Note: I started writing this article in June 2017, because people kept asking me about details of the PS Move tracking algorithm I implemented for the video in Figure 1. But I never finished it because I couldn’t find the time to do all the measurements needed for a thorough error analysis, and also because the derivation of the linear system at the core of the algorithm really needed some explanatory diagrams, and those take a lot of work. So the article stayed on the shelf. I’m finally publishing it today, without error analysis or diagrams, because people are still asking me about details of the algorithm, more than four years after I published the video. 🙂
This one is long overdue. Back in 2015, on September 30th to be precise, I uploaded a video showing preliminary results from a surprisingly robust optical 3D tracking algorithm I had cooked up specifically to track PS Move controllers using a standard webcam (see Figure 1).
Figure 1: A video showing my PS Move tracking algorithm, and my surprised face.

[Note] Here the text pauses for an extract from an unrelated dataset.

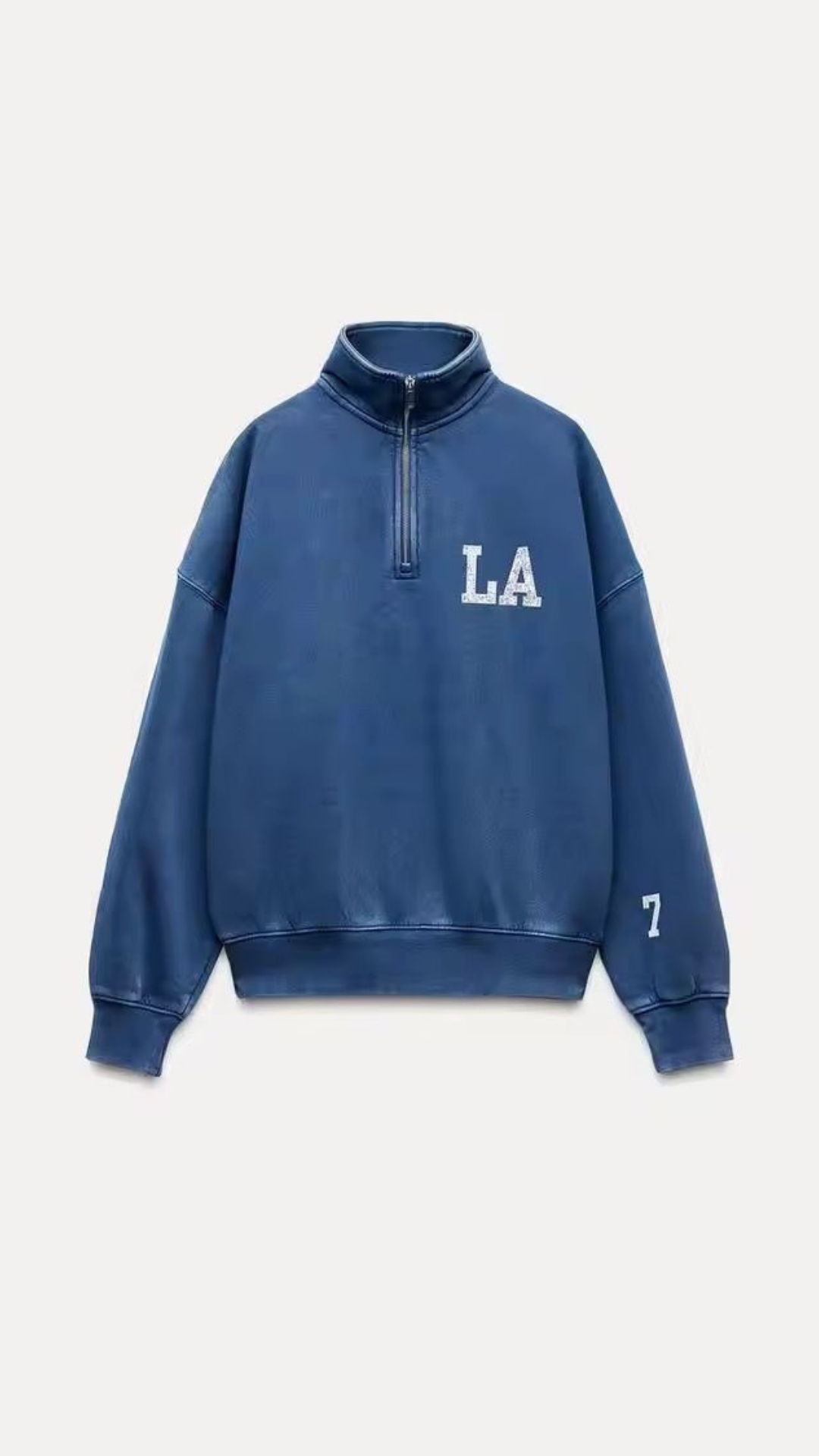 LA Set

During discussion of that video, I promised to write up the algorithm I used, and to release source code. But as it sometimes happens, I didn’t do either. I was just reminded of that by an email I received from one of the PS Move API developers. So, almost two years late, here is a description of the algorithm. Given that PSVR is now being sold in stores, and that PS Move controllers are more wide-spread than ever, and given that the algorithm is interesting in its own right, it might still be useful.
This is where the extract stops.